No baixo curso do Rio Uaupés, outro afluente do Negro, a seca parece ter sido ainda pior. No primeiro encontro dos Aimas em 2018 nesta localidade, os pesquisadores discutiram esse evento atípico e escutaram os velhos conhecedores de suas comunidades. “Desde que eu me lembro, de adolescente até agora na juventude, nunca vi uma seca tão forte assim. Devido a isso os peixes vêm morrendo em alguns lagos, a água fica quente, e os peixes começam a morrer”, contou o Aima Rosivaldo Miranda, 27 anos, Pira-Tapuya, morador do Baixo Uaupés.
Também chamou a atenção dos pesquisadores o calor anormal nos dias de seca, e a quantidade de areia depositada no Rio Uaupés. “Vocês sabem que os tempos não eram assim, dava uma quentura com vento calmo. Mas esse ano não foi assim. Passou do limite mesmo, muita gente reclamando da quentura. A água do nosso porto ficou parecendo uma água que você esquenta numa bacia. Essa seca desse ano passou do limite do ano retrasado. Mas não é que secou: são as praias que estão mudando”, afirmou o Aima José Ivanildo da Silva, da etnia Desana.
Segundo Gerbardo Dias Castro, conhecedor da etnia Tariano, de 57 anos, nos idos dos anos 1970-1980 aconteceram secas ainda mais drásticas, mas a diferença é que não existiam tantas praias, e ele se pergunta de onde veio tanta areia nesse ano de 2018. Uma constatação advinda das discussões na oficina é que nesse período comentado por Gerbardo, o normal era um período de estiagem, ou “verão”, como se diz localmente, superior a 15 dias, da mesma forma como aconteceu no início deste ano. Isso possibilitava aos índios queimar melhor suas roças, procedimento necessário para abrir espaço na floresta aos seus diversos cultivos, sendo a mandioca o principal deles. “Quando eu cresci nos anos 1970, a seca era diferente, o finado meu pai contava que a estação era assim bem certa, marcada. E nesses tempos mudou muito", diz Paulo Miranda, da etnia Pira-tapuya.

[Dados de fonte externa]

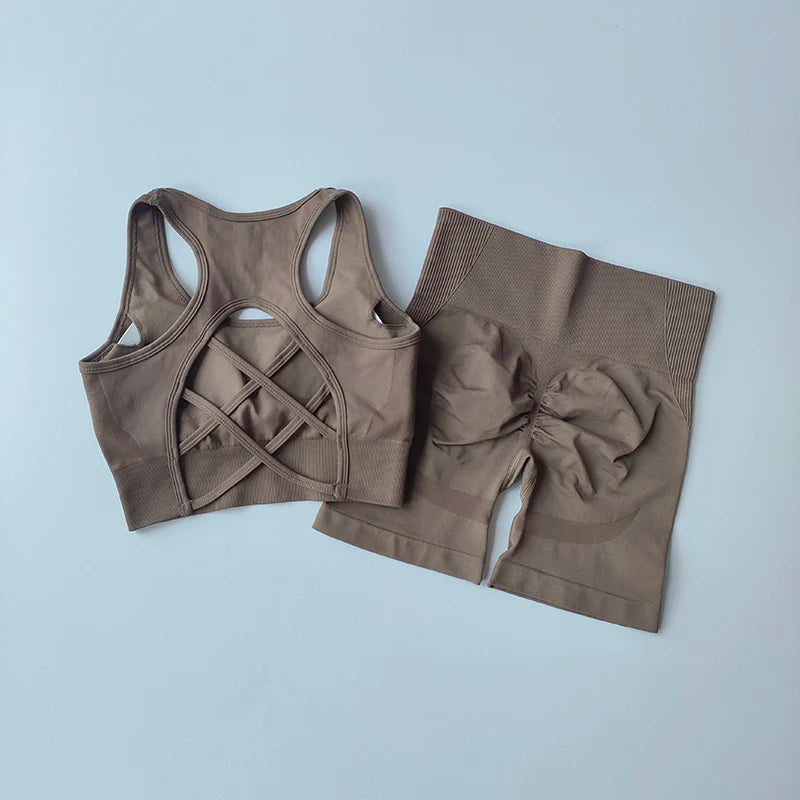 Conjunto sin costuras de top y short de tiro alto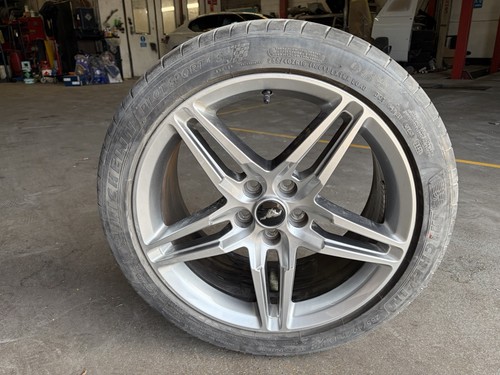 Mustang alloy wheels - mustang, one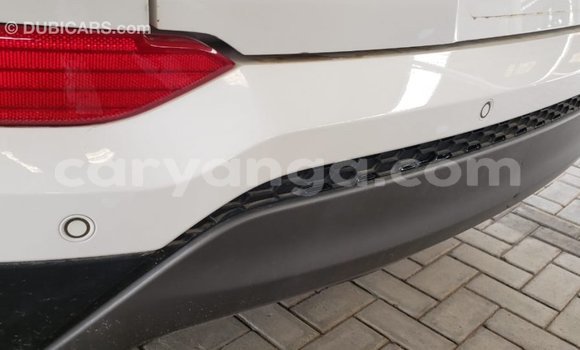 Nunua Imported Hyundai Tucson White Gari ndani ya Import - Dubai nchini Malawi Nunua Imported Hyundai Tucson White Gari ndani ya Import - Dubai nchini Malawi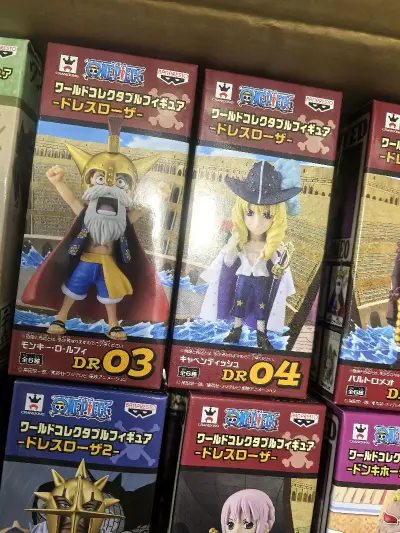 买了一些老货的wcf有德岛竞技场的路西，还有白马，蕾贝卡，还有世界会议的，奎因，还有一些其他的老货都很不错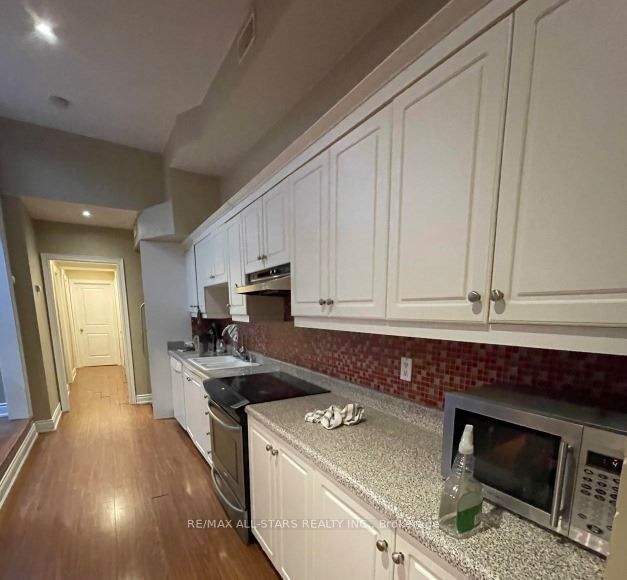 243 Lippincott Street, Toronto, ON M5S 2P4 photo 3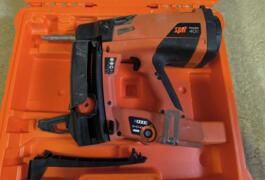 Location outil Cloueur Électrique Spit près de Feugères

Na segunda quinzena de março as chuvas voltaram e os rios voltaram a encher. Esse fenômeno também ocorreu de modo bem drástico, com alguns moradores de São Gabriel da Cachoeira relatando que o rio subiu mais rápido do que de costume. Mais informações sobre a seca de 2018 e os ciclos socioecológicos indígenas poderão ser obtidas no próximo número da Revista Aru, publicação periódica semestral de pesquisa intercultural da Bacia do Rio Negro, previsto para maio.
No Rio Içana, na Terra Indígena Alto Rio Negro, foi registrada pela primeira vez uma chuva de granizo, ocorrida no dia 17 de março passado. Vídeos foram gravados pelos moradores e repassados à Rede de Comunicadores Indígenas do Rio Negro pelo comunicador Plínio Baniwa. A chuva de gelo causou muito espanto na comunidade e, sobretudo, deixou os moradores intrigados porque ela caiu em meio a uma forte seca. Saiba mais aqui e assista aos vídeos.
O climatologista Antônio Nobre recebeu os vídeos do granizo no Içana e comentou especialmente para o Programa Rio Negro do ISA. “Devido aos efeitos combinados do desmatamento e das mudanças climáticas, a circulação atmosférica está mudando na Amazônia. Fenômenos como esse se tornarão mais comuns. Veja que estiagem prolongada e queda de granizo parecem incompatíveis, mas não são. Quando há muita poeira e fuligem no ar, e pouco vapor, as gotículas que se formam não são grandes o suficiente para caírem até o solo. Cada vez que esse processo se dá a nuvem cresce em altura. Quanto mais alto vá, mais frio o ar, e portanto maior a chance de se formar gelo, daí o granizo”, explicou o cientista, um dos maiores especialistas em clima no Brasil.